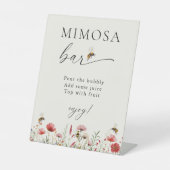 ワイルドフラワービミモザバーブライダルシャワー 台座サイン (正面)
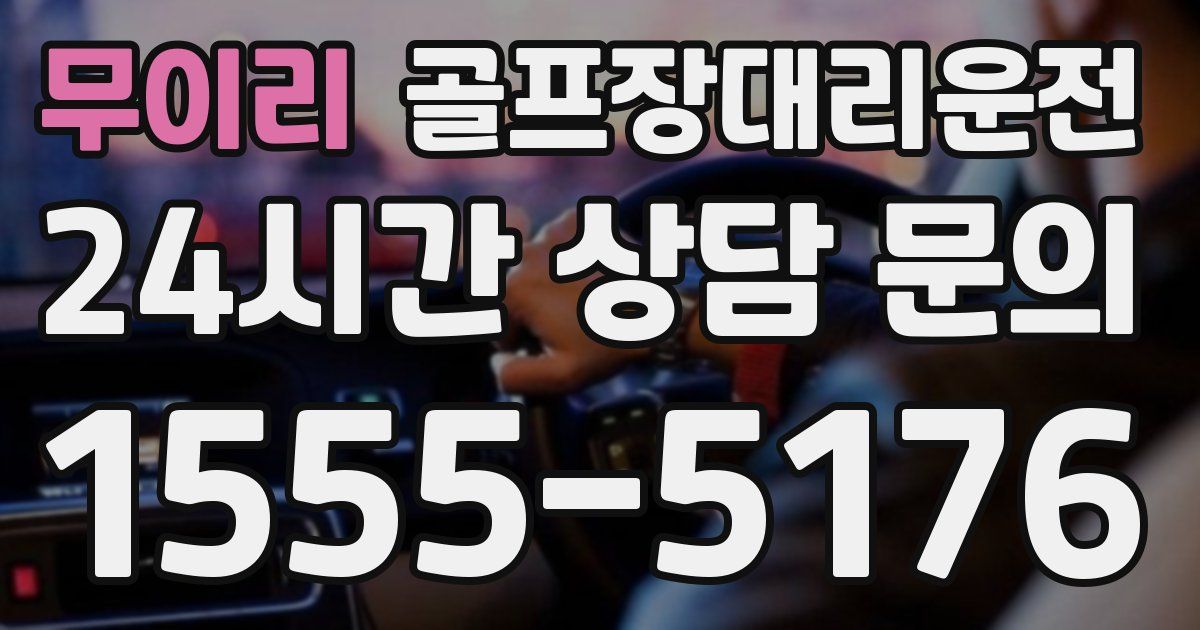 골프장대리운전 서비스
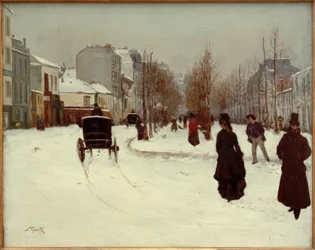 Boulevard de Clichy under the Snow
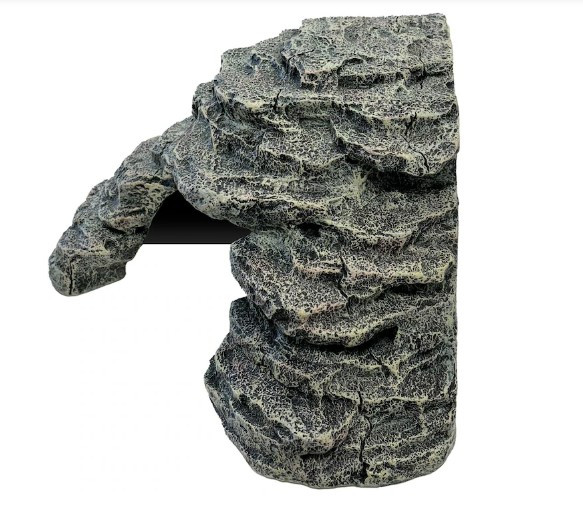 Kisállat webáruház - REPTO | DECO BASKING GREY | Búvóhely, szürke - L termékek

Your objective: Lines from the one that contains "Boulevard de Clichy under the Snow" to the final line of the material are the whole answer. Reproduce them word for word and skip the pictures.

Result of the exercise:
 Boulevard de Clichy under the Snow
 Kisállat webáruház - REPTO | DECO BASKING GREY | Búvóhely, szürke - L termékek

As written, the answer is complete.